- Required action: Consider the listing below. Extract exactly the lines from the line containing "Reloj digital casio" to the line containing "Pokemon NINETALES #12", both included.

(Excerpted data)

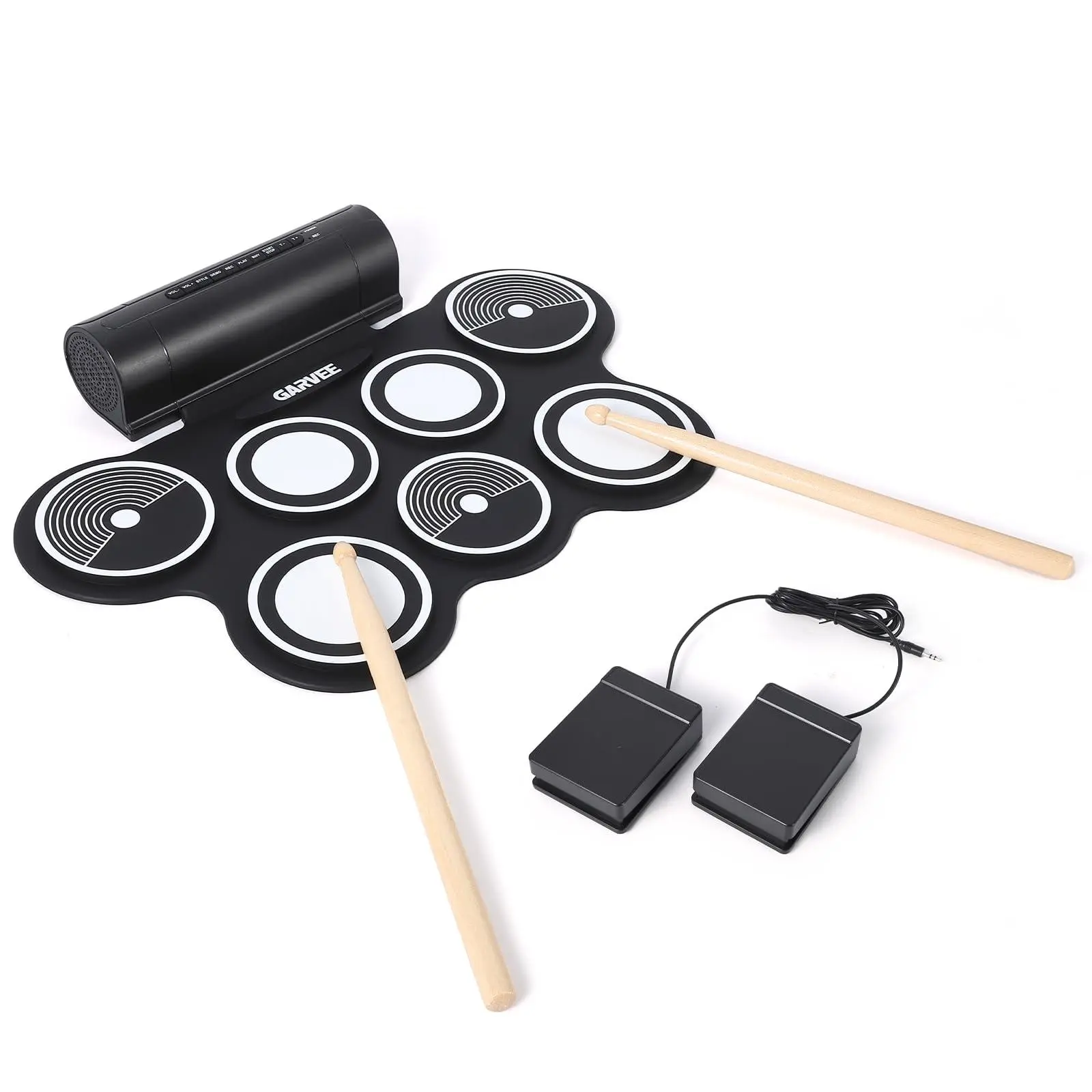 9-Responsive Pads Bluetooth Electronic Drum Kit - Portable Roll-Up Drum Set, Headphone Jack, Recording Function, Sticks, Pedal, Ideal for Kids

(End Excerpted data)
(Excerpted data)

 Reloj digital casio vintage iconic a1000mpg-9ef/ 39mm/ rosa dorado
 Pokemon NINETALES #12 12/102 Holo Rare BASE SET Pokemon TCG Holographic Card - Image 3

(End Excerpted data)
(Excerpted data)

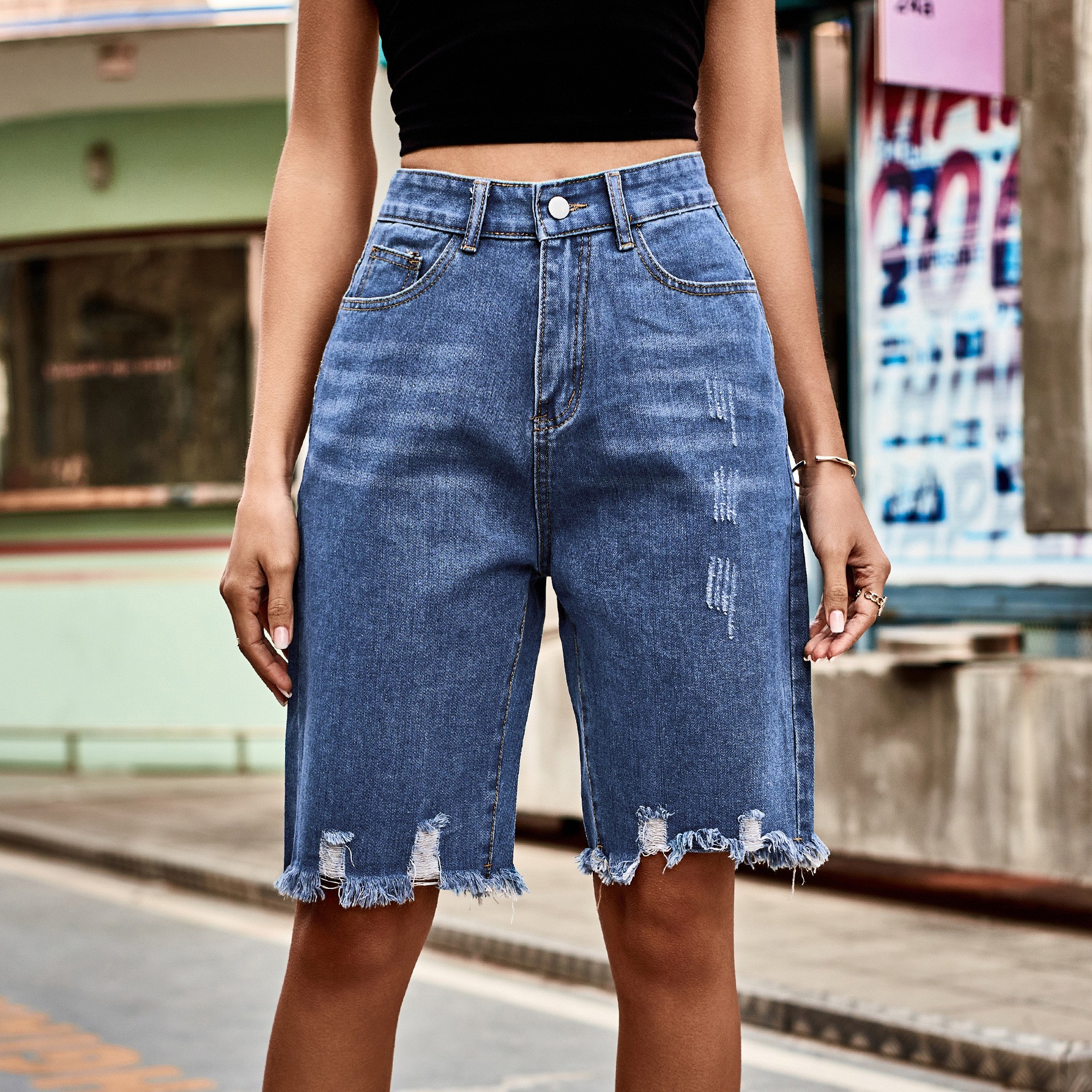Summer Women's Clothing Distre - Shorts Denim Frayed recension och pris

(End Excerpted data)

- Output:
 Reloj digital casio vintage iconic a1000mpg-9ef/ 39mm/ rosa dorado
 Pokemon NINETALES #12 12/102 Holo Rare BASE SET Pokemon TCG Holographic Card - Image 3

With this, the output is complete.